A Capital / Gisele Camargo
Não estamos diante de paisagens desabitadas, mas de espaços ansiosos, sempre na imanência de quem os habite, de quem os signifique. Eis uma questão de ponto de vista. Trata-se em reconhecer qual será o nosso: fixo ou móvel, constante ou permutável, distante ou próximo. Aqui, pintura e galeria correlacionam-se mediante a ideia de acontecimento e, pelo breve instante de sua duração, são continuidade uma da outra. Deduzimos, então, que esperam por nós, seja para habitá-las, seja para que nelas tenhamos a percepção de nossa própria presença, reforçando o sentimento de coexistência.
De meros sujeitos contemplativos, somos compelidos a nos tornar olhos-corpos, nos movimentar por esses espaços, aproximar, recuar, inquirir a superfície, buscar detalhes, imaginar. Vertov referiu-se a um cine-olho (kino-glaz), assinalando que a câmera era capaz de capturar algo que a visão humana não apreendia – o que Benjamin posteriormente chamou de inconsciente óptico. Hoje poderíamos falar em ‘olho-cine’, ressaltando um modo peculiar de perceber, registrar e organizar aquilo que nos cerca. Através de nossos olhos, passamos a ‘cinematizar’ o mundo.
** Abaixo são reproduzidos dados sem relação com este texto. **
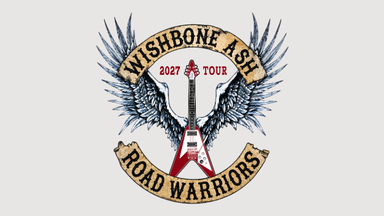Wishbone Ash - Road Warriors Tour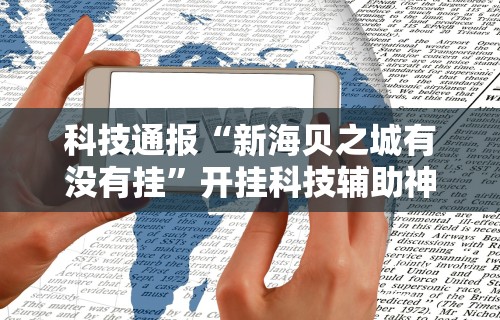 科技通报“新海贝之城有没有挂”开挂科技辅助神器手机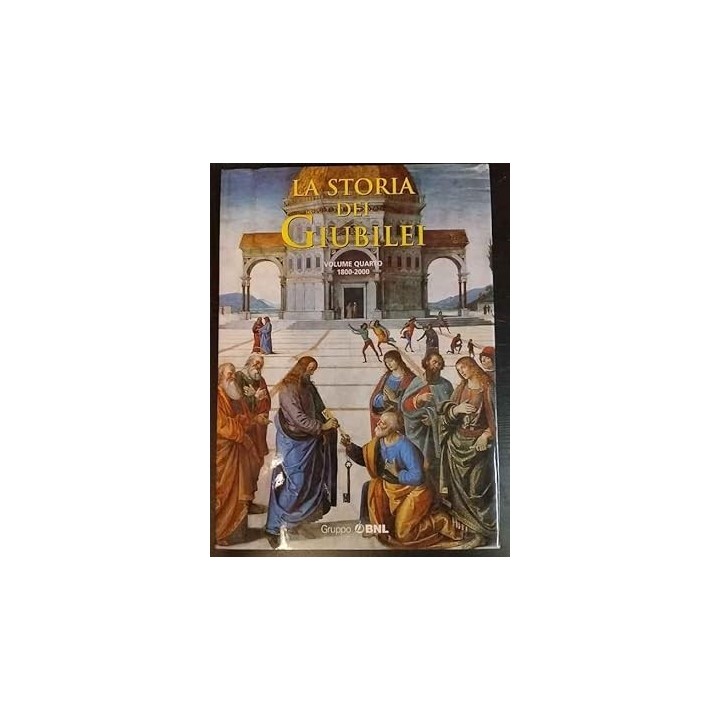 La Storia dei giubilei. Volume Quarto 1800-2000.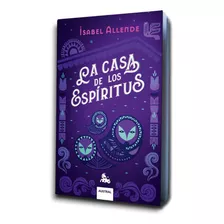 La Casa De Los Espiritus - Isabel Allende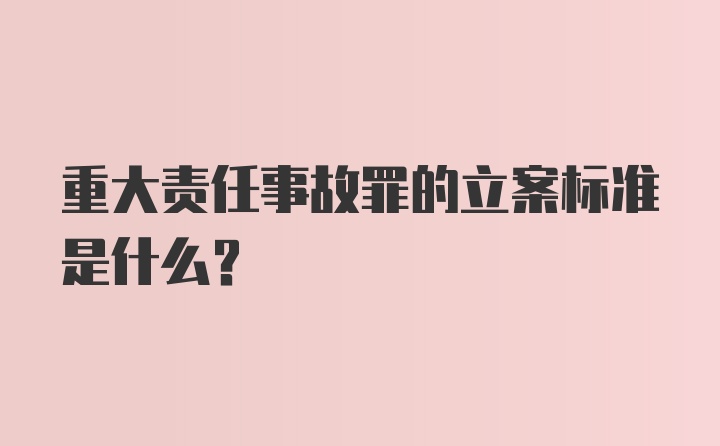 重大责任事故罪的立案标准是什么？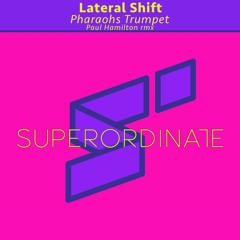 Lateral Shift  - Pharaohs Trumpet (Paul Hamilton Rmx) [Superordinate Music]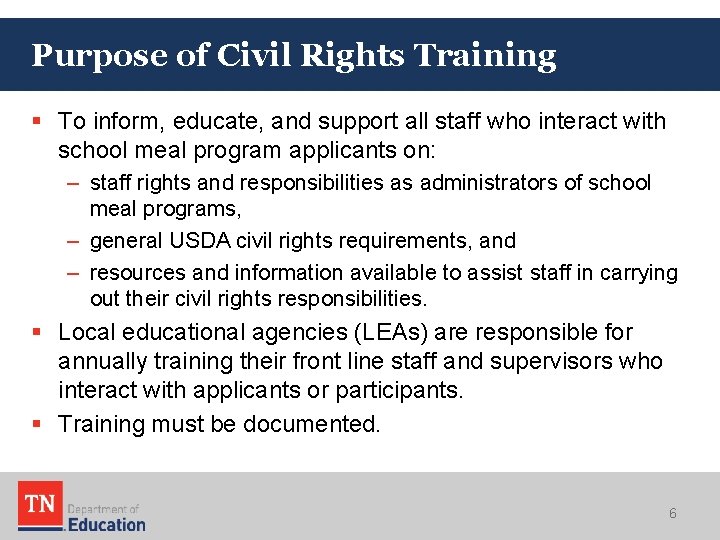 Purpose of Civil Rights Training § To inform, educate, and support all staff who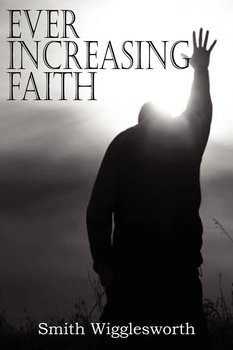 EVER INCREASING FAITH - Wigglesworth Smith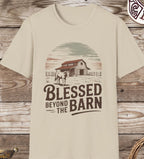 Blessed Beyond the Barn T-Shirt —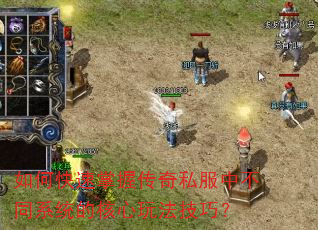 如何快速掌握传奇私服中不同系统的核心玩法技巧? 如何快速掌握传奇私服中不同系统的核心玩法技巧?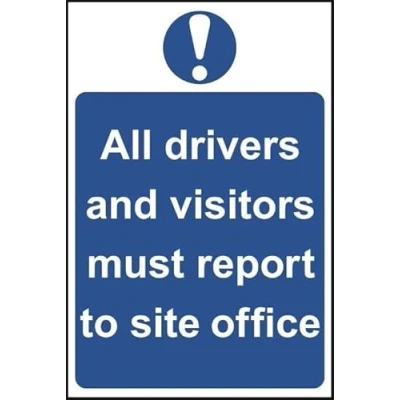 Image of All Drivers And Visitors Must Report To Site Office Sign Mandatory Health &amp; Safety Self Adhesive PVC 200mm x 300mm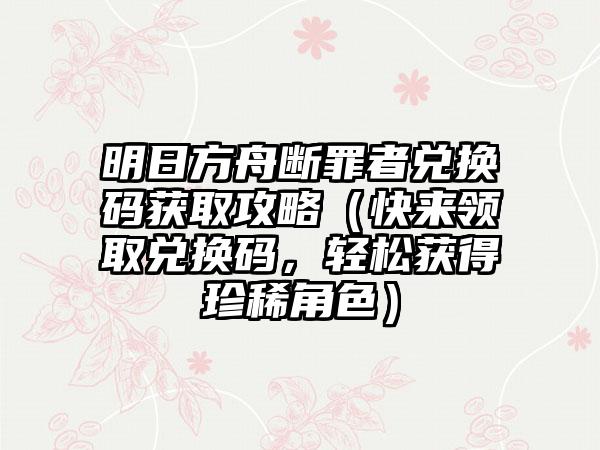 明日方舟断罪者兑换码获取攻略（快来领取兑换码，轻松获得珍稀角色）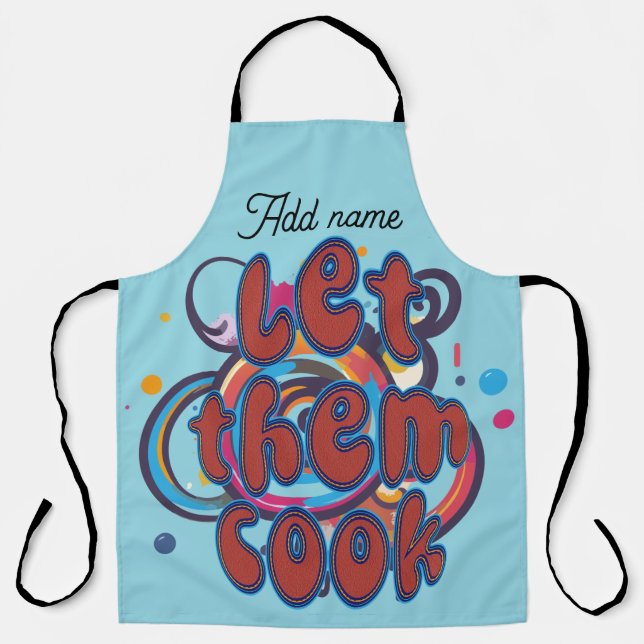 Let Them Cook Personalized Kitchen Schürze (Vorderseite)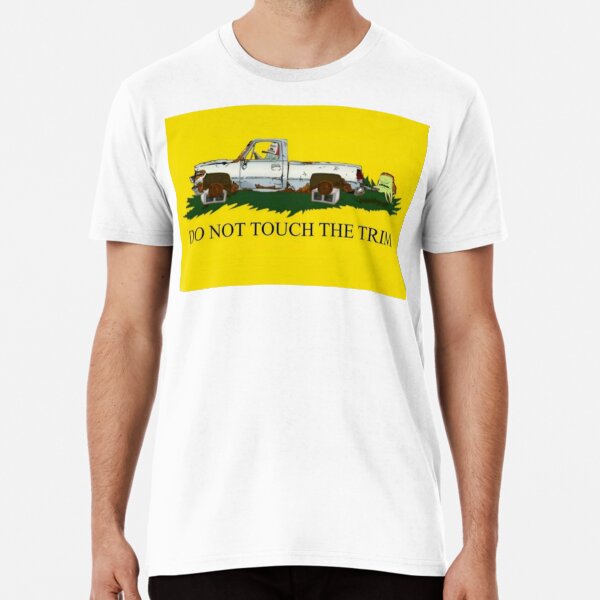Dont touch the trim Premium T-Shirt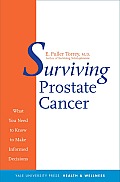 Surviving Prostate Cancer What You Need to Know to Make Informed Decisions
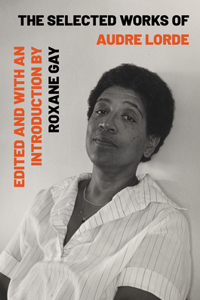 Selected Works of Audre Lorde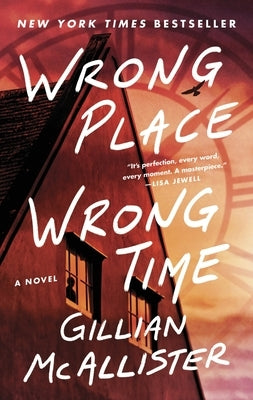 Wrong Place Wrong Time by McAllister, Gillian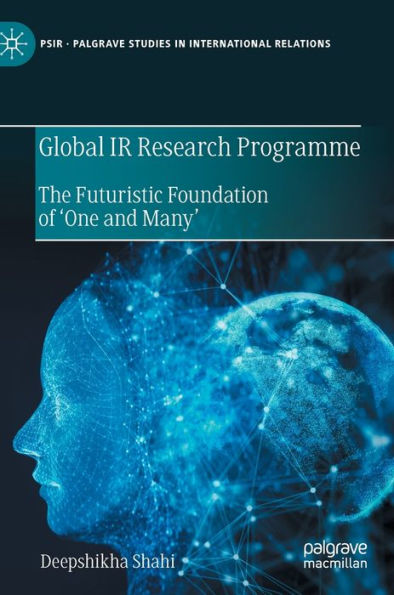 Global IR Research Programme: The Futuristic Foundation of 'One and Many'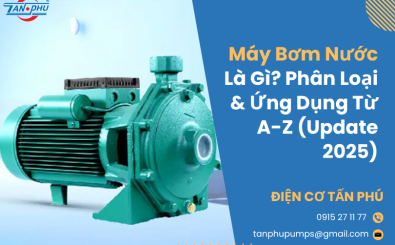 Máy Bơm Nước Là Gì? Phân Loại & Ứng Dụng Từ A-Z (Update 2025) Máy Bơm Nước Là Gì? Phân Loại & Ứng Dụng Từ A-Z (Update 2025)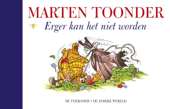 Erger kan het niet worden - Marten Toonder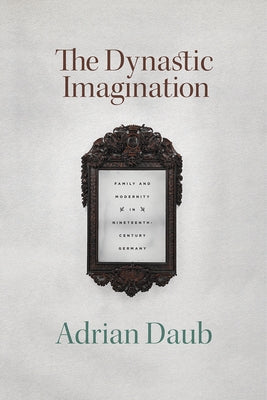 The Dynastic Imagination: Family and Modernity in Nineteenth-Century Germany Paperback University of Chicago Press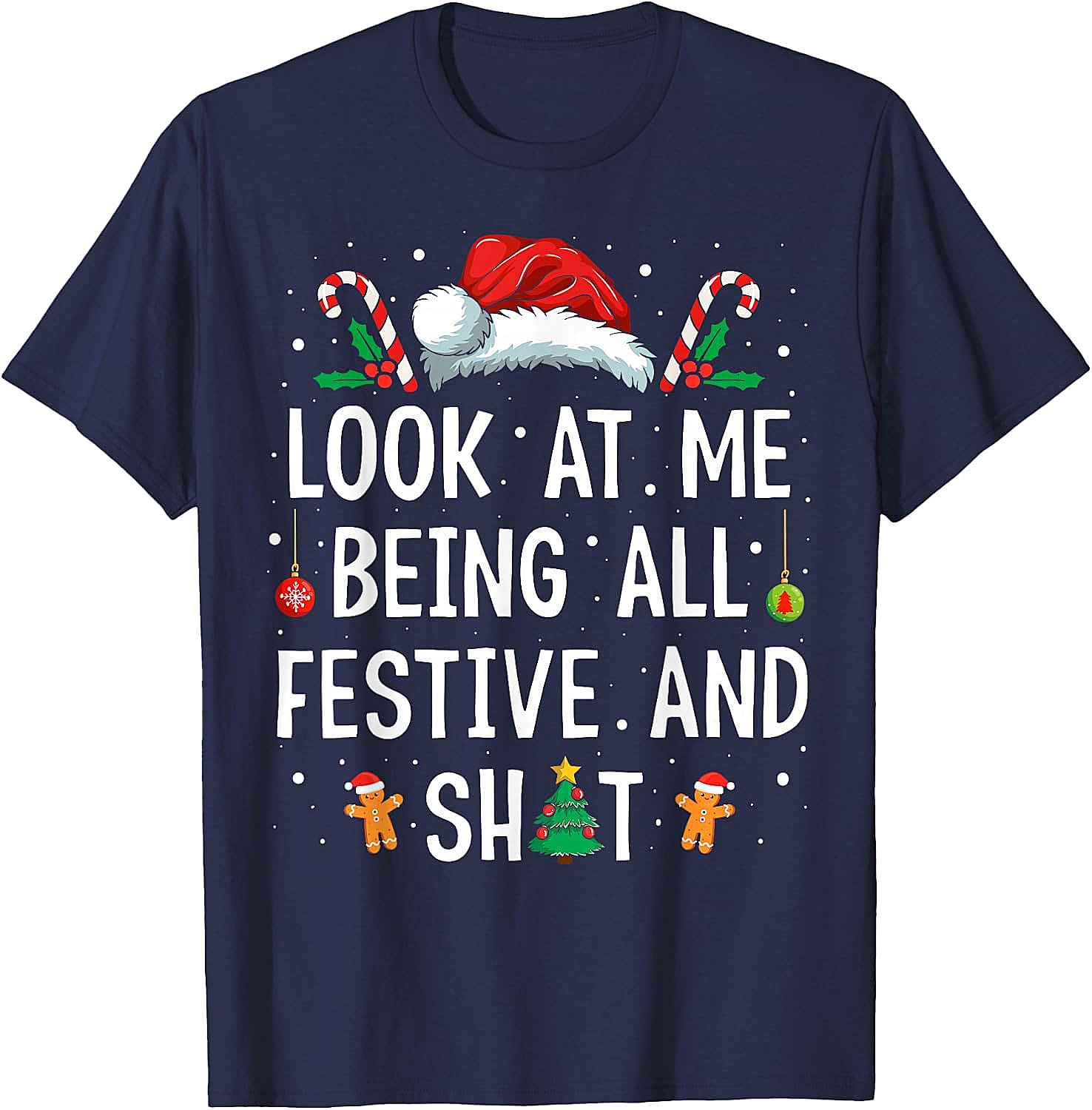  Festive & Shit Funny Christmas T-Shirt Holiday Tee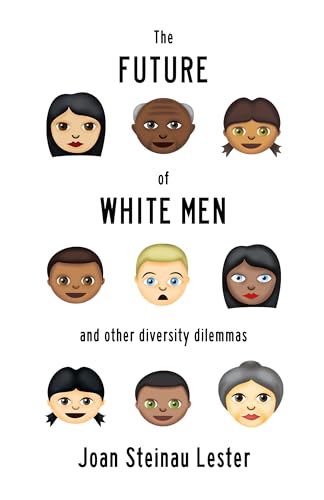 Stock image for The Future of White Men and Other Diversity Dilemmas for sale by ThriftBooks-Dallas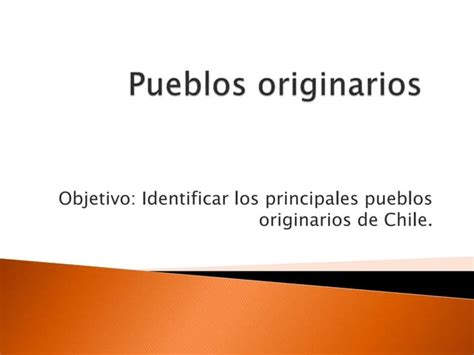 Pueblos Originarios De Chile Ppt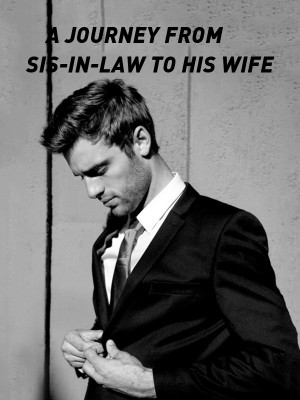A JOURNEY FROM SIS-IN-LAW TO HIS WIFE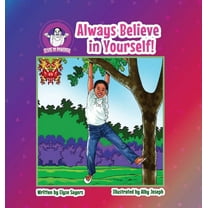 Always Believe in Yourself!, (Hardcover)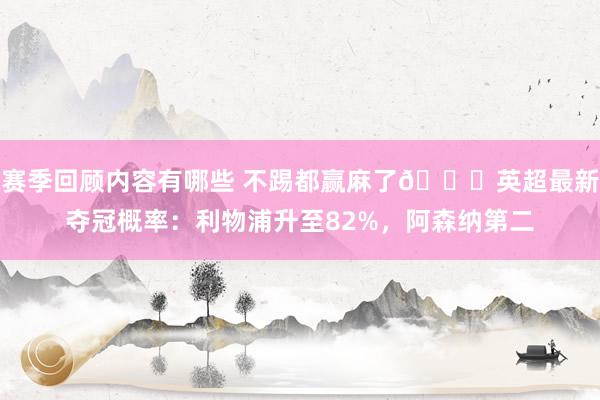 赛季回顾内容有哪些 不踢都赢麻了😅英超最新夺冠概率：利物浦升至82%，阿森纳第二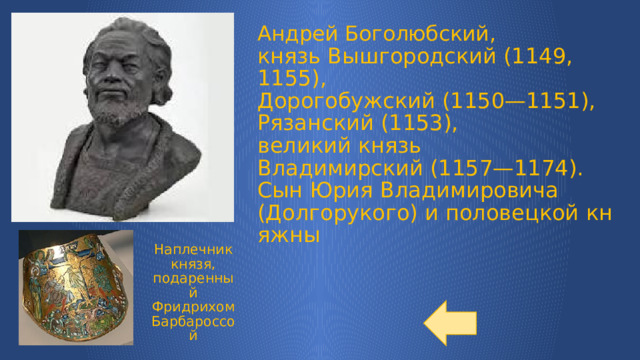 Андрей Боголюбский, князь Вышгородский (1149, 1155),   Дорогобужский (1150—1151),   Рязанский (1153),   великий князь Владимирский (1157—1174).  Сын Юрия Владимировича (Долгорукого) и половецкой княжны Наплечник князя, подаренный Фридрихом Барбароссой 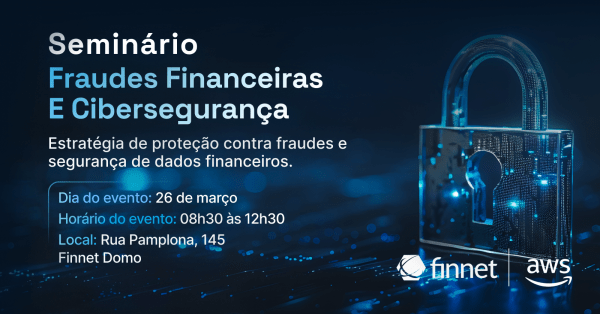 Seminário: Estratégia de Proteção contra Fraudes Financeiras ...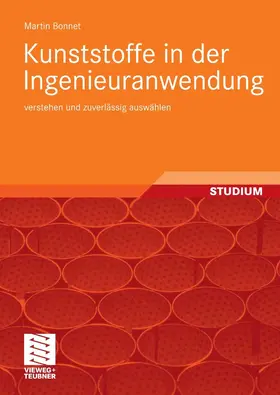 Bonnet |  Kunststoffe in der Ingenieuranwendung | eBook | Sack Fachmedien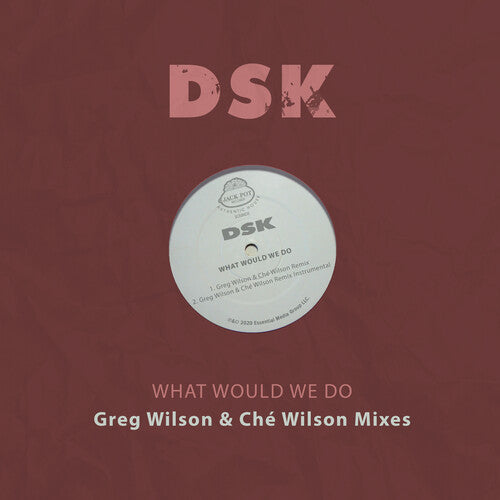 Dsk - What Would We Do - Greg Wilson & Che Wilson Mixes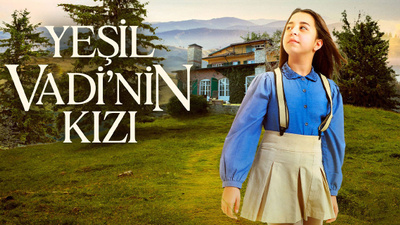 Yeşil Vadinin Kızı 1. Bölüm izle! Yeşil Vadinin Kızı konusu nedir? Yeşil Vadinin Kızı oyuncuları kimler?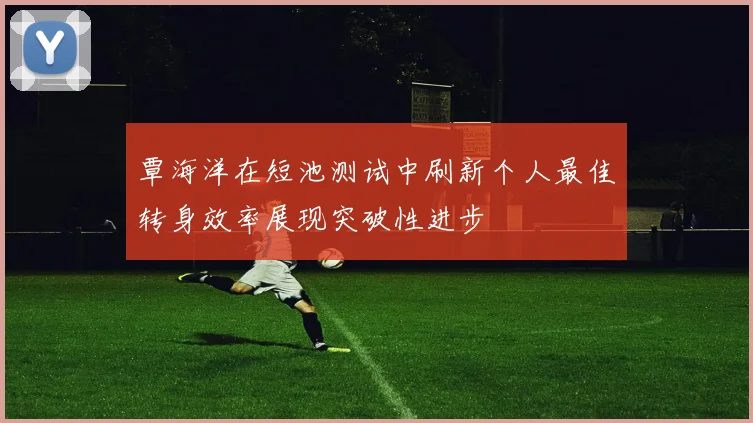 覃海洋在短池测试中刷新个人最佳转身效率展现突破性进步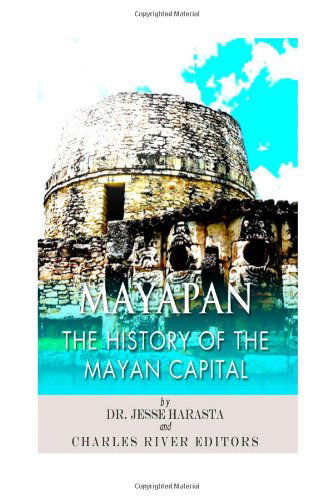 Cover for Jesse Harasta · Mayapan: the History of the Mayan Capital (Paperback Book) (2014)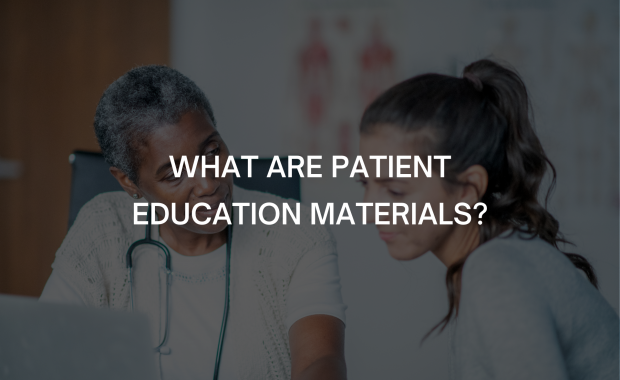 what are patient education materials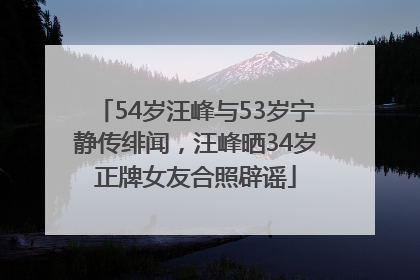 54岁汪峰与53岁宁静传绯闻，汪峰晒34岁正牌女友合照辟谣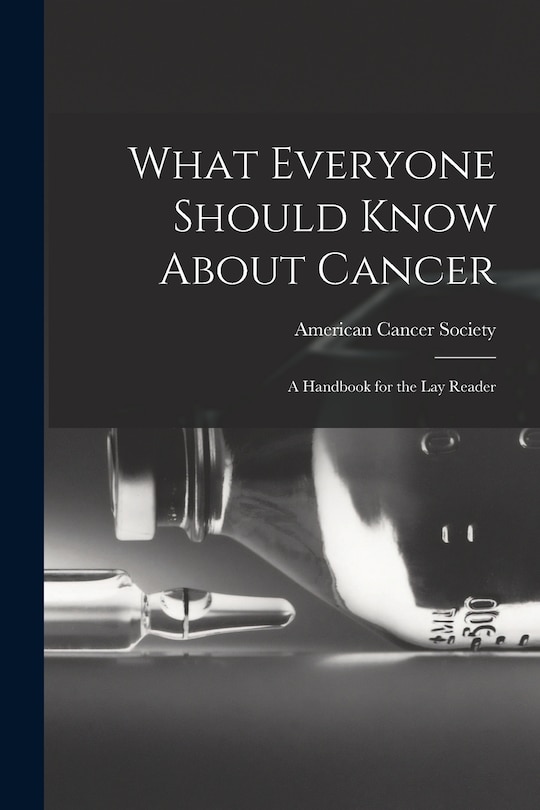 Front cover_What Everyone Should Know About Cancer
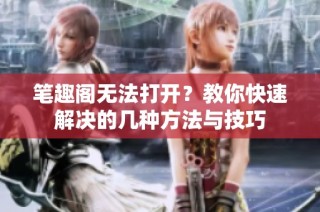笔趣阁无法打开？教你快速解决的几种方法与技巧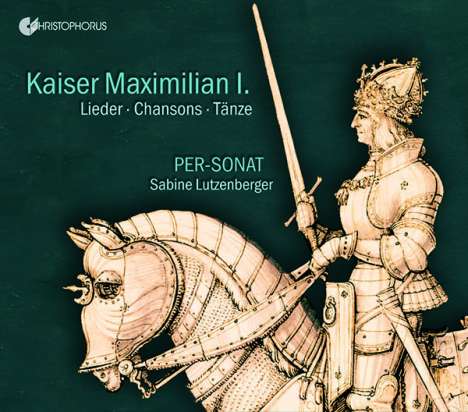 Kaiser Maximilian I., CD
Alguma coisa da ordem da relação entre pintura e cinema, já presente em outras pesquisas de Gisele Camargo, transparece de modo mais intenso em A Capital. A escala ampliada dessas pinturas, juntamente com seu horizonte alto, assinala a passagem de um descontínuo posicionar-se diante da paisagem: ora estamos distantes, ora pisando no mesmo solo, ora olhando tudo através de um ponto de vista de sobrevoo. Estamos rodeados por alguma coisa que acontece ao mesmo tempo, mas da qual só podemos apreender um instante a cada vez. Não é pintura em plano-sequência, como nos antigos panoramas, mas um mundo conscientemente editado, fragmentado, construído por camadas, enquadramentos, ângulos e elipses, e mesmo assim, um mundo tão real quanto aquele que está ‘lá fora’.
Representação e realidade coexistem. Uma não antecede a outra, pois ao mesmo tempo em que percebemos o mundo, o imaginamos. Assim, a representação só pode ser a continuidade daquilo que anteriormente é uma subjetivação de tudo que nos cerca. Construir a imagem é construir a realidade. Eis aí o momento em que nós, no ato de observar (capturar), compartilhamos com a artista a capacidade de apreensão, elaboração e significação daquilo que transcende a mera forma, a mera superfície da imagem. Artista e espectadores, somos todos um pouco criadores.